Vecchio vezzo del critico – in generale – quello di porre domande. Vecchio vizio mio personale, temo ormai inguaribile, quello d’interrogare/rsi e di suscitare dubbi senza aver poi la presunzione di poter avanzare una risposta esaustiva e univoca. È indubbio tuttavia che Anna si prende la libertà di immortalare tutto ciò che riesce ad accendere il suo interesse, libera altresì di scegliersi la tecnica che più le sembra adatta (il suo curriculum non parla solo di fotografia tra analogico e digitale, ma anche di collages, installazioni video, ecc).
Risulta difficile anche cogliere, nel suo mare magnum, qualsiasi influenza di questo o quel grande maestro – altro vezzo del vecchio critico! Sarebbe in effetti un azzardo, più che un suggerimento, ricordare il lavoro di Josef Sudek di fronte al lussureggiante intrico di grandi foglie, sebbene il fotografo boemo preferisca affidarsi al bianco&nero; o quello del magiaro Laszlo Moholy-Nagy osservando i bicchieri volanti e la loro eterea scia. Se ci sono illustri colleghi che più di altri hanno colpito Anna Meschiari (e ce ne saranno senz’altro), non lo dà a vedere. La giovane artista ha saputo mantenere nel suo sguardo un’invidiabile purezza, apparentemente scevra da ogni influenza e che talvolta scivola persino nell’ingenuità.
Sempre in assoluta libertà, Anna ha scelto il titolo della mostra, A come Arcipelago. Perché – a rigore e con la Treccani à la main – il concetto vorrebbe veder uniti non solo e non tanto isole, ma anche gruppi o entità staccati sì gli uni dagli altri e però ancora in qualche modo legati attraverso affinità o contingenze: pensiamo al celebre Arcipelago Gulag. Vi sfido tuttavia a trovare un legame, un fil rouge di qualsiasi tipo tra le immagini presentate. Missione impossibile, perché l’esposizione è in realtà il suo personalissimo arcipelago.

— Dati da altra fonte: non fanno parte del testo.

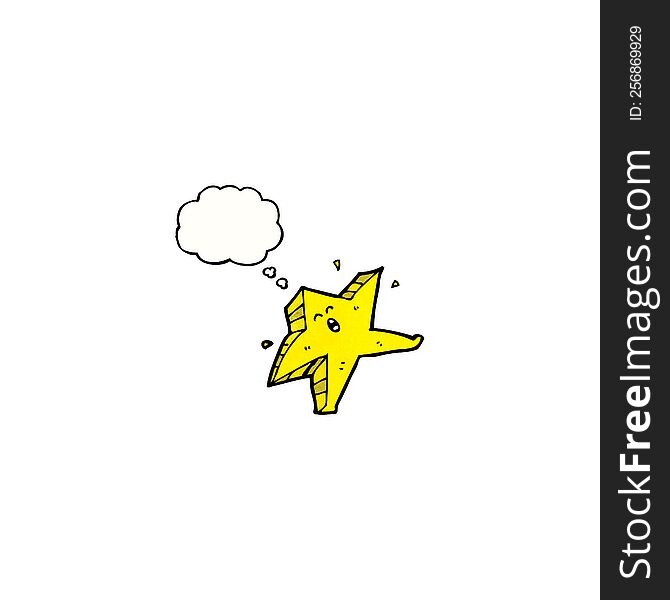 star cartoon character with thought bubble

Una mostra/viaggio attraverso i suoi archivi (ci sono foto che ha realizzato ben prima di diplomarsi in Fotografia alle Scuole di Arti Applicate di Vevey e di Berlino), concepita seguendo il procedimento che la giovane fotografa ha recentemente abbracciato, vicino alla fotografia concettuale: assemblare immagini ritrovate qua e là per creare qualcosa di nuovo, che non esisteva prima.